Letzte Pegida-Kundgebung des Jahres
Das Pegida-Bündnis hat am Montagabend zum letzten Mal in diesem Jahr in Dresden demonstriert. Die stationäre Kundgebung fand am Königsufer auf der Neustädter Elbseite statt, gegenüber der Altstadt, wo sich auf dem Theaterplatz Pegida-Gegner zu einer Veranstaltung des Bündnisses "Herz statt Hetze" versammelten. Insgesamt waren sieben Kundgebungen in Dresden angemeldet worden. Die Polizei war mit knapp 2.600 Beamten im Einsatz, um Zusammenstöße zu verhindern. Unterstützung kam aus acht Bundesländern sowie von der Bundespolizei.
Gesang auf beiden Seiten
Wie schon im Vorjahr umrahmte Pegida
die letzte Kundgebung vor Weihnachten musikalisch. Es wurden
Weihnachtslieder gesungen. Doch auch die Gegenseite setzte diesmal
Gesang zur Vermittlung ihrer Botschaft ein.
Noch vor den
Pegida-Anhängern erhob der Chor der Dresdner Semperoper seine Stimmen
und verkündete die von Beethoven vertonte "Ode an die Freude" Friedrich
Schillers mit ihrer zentralen Aussage "Alle Menschen werden Brüder, wo
Dein sanfter Flügel weilt." Im Anschluss gab es weitere Gesangs- und
Instrumentalbeiträge von Ensemblemitgliedern der Semperoper und des
Staatsschauspiels, einer Schülerband und weiteren Künstlern. Der
Initiative "Durchgezählt" zufolge hatten sich hier bereits 3.000 bis
4.000 Menschen versammelt, als der Pegida-Versammlungsort noch verwaist
war. Erst kurz vor Veranstaltungsbeginn strömten die Anhänger zum
Königsufer. "Durchgezählt" schätzte ihre Zahl auf 6.000 bis 8.000.
Beim
Bündnis "Dresden Nazifrei" lief ein bunter Musik-Mix vom Band. Er soll
auf unterhaltsame Art die Vielfalt der Kulturen auf der Welt
verdeutlichen. Das Bündnis hatte seine eigene Kundgebung kurz vor Beginn
abgesagt und dazu aufgerufen, sich der vor dem Bahnhof Dresden-Neustadt
stattfindenden antifaschistischen Kundgebung anzuschließen. Dort hatten
sich am frühen Abend nach Angaben des Bündnisses etwa 1.000 Menschen
versammelt. Sie versuchten entgegen den Versammlungsauflagen, einen
Demonstrationszug zu formieren und in die Nähe der Pegida-Veranstaltung
zu laufen. Die Polizei unterband diesen Versuch jedoch.

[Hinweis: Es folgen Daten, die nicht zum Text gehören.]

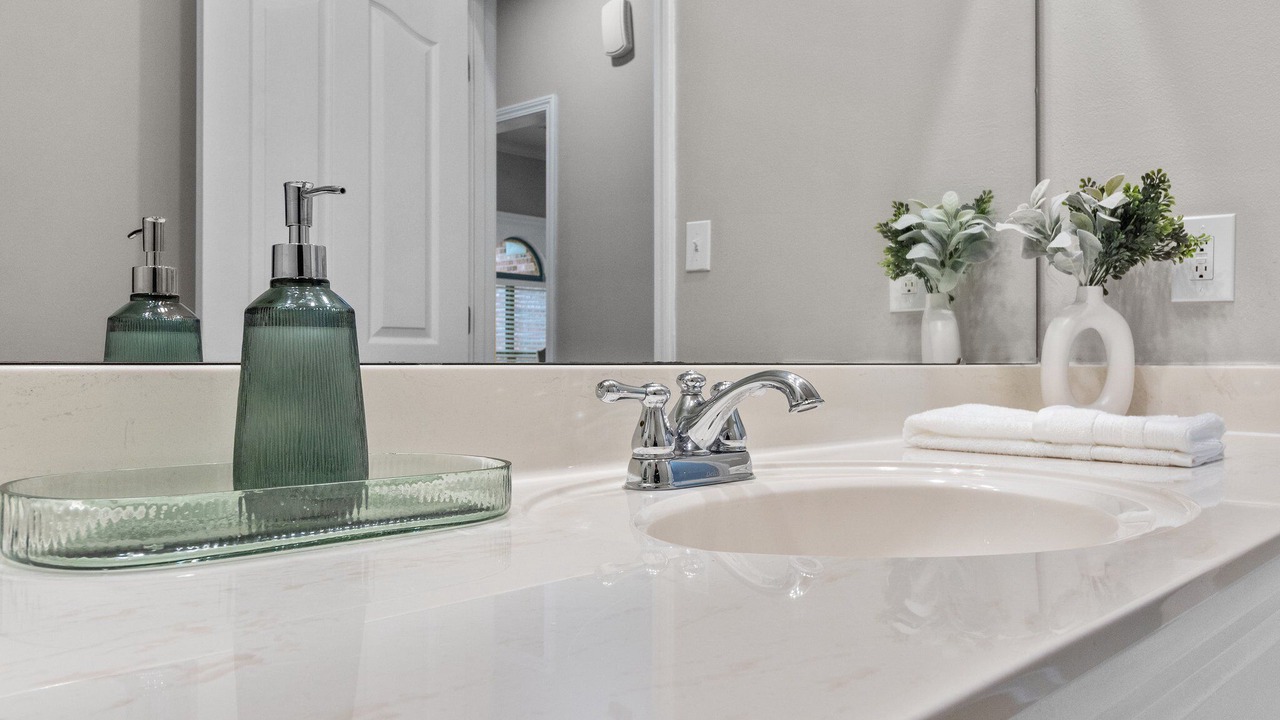 Photo of Bathroom in Maumelle
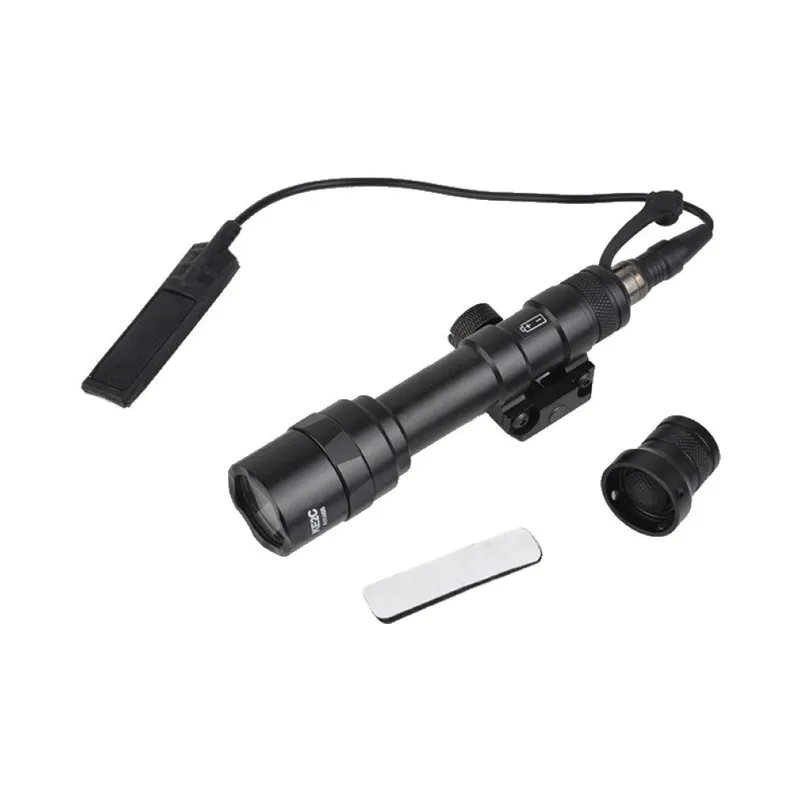 Night Evolution Torcia LED 500 Lumens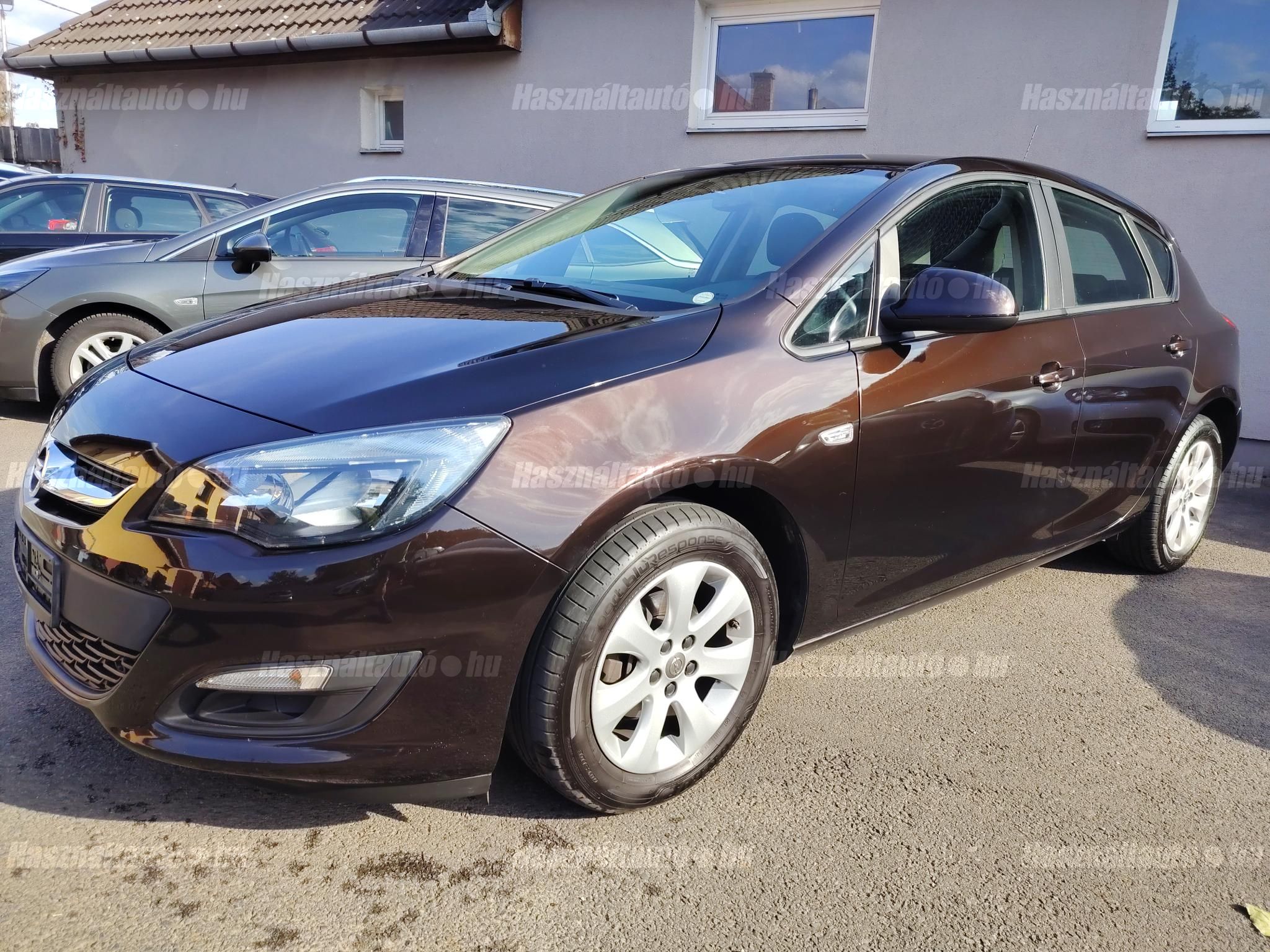 OPEL ASTRA J 2015/10 - 1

Versöhnlichkeit am einen, Unerbittlichkeit am anderen Elbufer
Auf dem Theaterplatz trugen die Kundgebungsteilnehmer bunte Schilder mit
Aufschriften wie "Refugees welcome", "Für Weltoffenheit", "Für
Menschlichkeit" und "Presse willkommen. Ich möchte informiert sein".
Eine Vertreterin des Bündnisses "Herz statt Hetze" sagte mit Blick auf
vorangegangenen Pegida-Kundgebungen auf dem Theaterplatz, von diesem Ort
solle einmal etwas anderes ausgehen als Hetze. Der Dresdner
Superintendent Christian Behr rief zu Nächstenliebe und
Dialogbereitschaft auf. "Keine Gewalt" müsse das Motto sein. Dazu gehöre
auch eine "verbale Abrüstung". Zugleich betonte er, dass an einem
Dialog kein Weg vorbei führe, auch wenn dies mitunter schmerzhaft sei.
Weniger
friedliche Töne wurden bei der Pegida-Versammlung angeschlagen. Hier
erklärte Sprecherin Tatjana Festerling, die Kirchen hätten als letzte
moralische Instanzen versagt und würden sich wie im Dritten Reich dem
politischen Meinungsdiktat unterordnen. Zum Thema Asyl meinte sie:
"Scheiß auf Anstand". Man müsse in Deutschland nicht jeden willkommen
heißen. Festerling rief die Teilnehmer auf, Ideen für den weiteren
Widerstand gegen die Regierungspolitik zu sammeln. Auch andere Redner
griffen vor allem Bundeskanzlerin Merkel an und forderten unter Beifall
der Kundgebungsteilnehmer ihren Rücktritt.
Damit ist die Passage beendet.